Let’s start with SAS. One of the most frequent complaints from IT organizations about SAS users is the propensity for users to require significant amounts of storage space for SAS data sets. A leading credit card issuer, for example, reports that users have more than one hundred terabytes of SAS files – and the volume is growing rapidly.
But SAS users can store data tables in the Netezza appliance and run data preparation steps against those tables using the SAS Pass-Through Facility. In addition to centralizing storage, reducing data movement and simplifying security, users can realize 100X improvements in program runtime.
In-database PROCs are another SAS feature. SAS currently enables in-database execution of FREQ, MEANS, RANK, REPORT, SORT, SUMMARY, and TABULATE in a number of databases and data warehouse appliances, including Netezza. For the user, database-enabled PROCs operate like any other SAS PROC — but instead of running on the server, the PROC runs in the database.
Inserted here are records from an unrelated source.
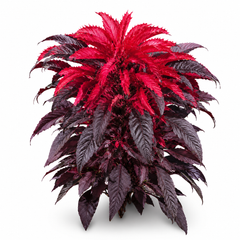 Amaranthus bicolor ‘Molten Fire’ Seeds (SUMMER)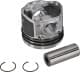 87-124008-00 Nüral Поршень двигателя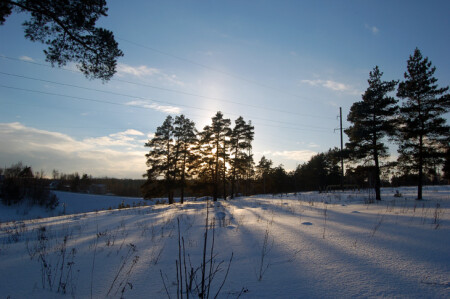 Зимняя улыбка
SAS supports a number of other in-database capabilities through SAS/ACCESS, including the ability to pass functions and formats to Netezza, the ability to create temporary tables and the ability to leverage Netezza’s bulk load/unload facility
SAS users can make calls to Netezza in-database functions by invoking Netezza In-Database Analytics through PROC SQL. In-database functions are far more efficient for building analytic data sets, data cleansing and enhancement. Customers who have implemented this approach have observed remarkable improvements in overall runtime: jobs that ran in hours now run in minutes.
SAS customers using SAS Enterprise Miner or SAS Model Manager can also benefit from SAS Scoring Accelerator. Scoring Accelerator which SAS enables an Enterprise Miner user to export a scoring function that runs on Netezza. This capability helps the organization avoid a custom programming task, and enables the analyst to easily hand off model scoring to a production operation.
IBM SPSS Modeler also offers the capability to work directly with database tables in Netezza; like SAS, it can be configured to minimize storage on the SPSS server. Modeler also offers Pushback SQL capabilities, which enable the user to perform functions within the Netezza appliance, including table joins, aggregation, selections, sorting, field derivation, field projection and scoring. While the in-database functional capabilities of the two packages are similar, SPSS accomplishes this entirely within the graphical environment of the Stream canvas.
As with SAS, SPSS Modeler users can leverage Netezza in-database analytics to build, score and store predictive models, either through custom nodes or out-of-the box integration in Release 15.0. Again, a key difference between SAS and SPSS is that while SPSS Modeler surfaces Netezza in-database analytics through the graphical user environment, SAS users must have programming and SQL skills.
To summarize, leading commercial software packages like SAS and SPSS already offer the ability to manage files, perform data preparation, build models and run scoring processes entirely within the Netezza appliance. Users of these tools can significantly improve runtime performance by leveraging these existing capabilities.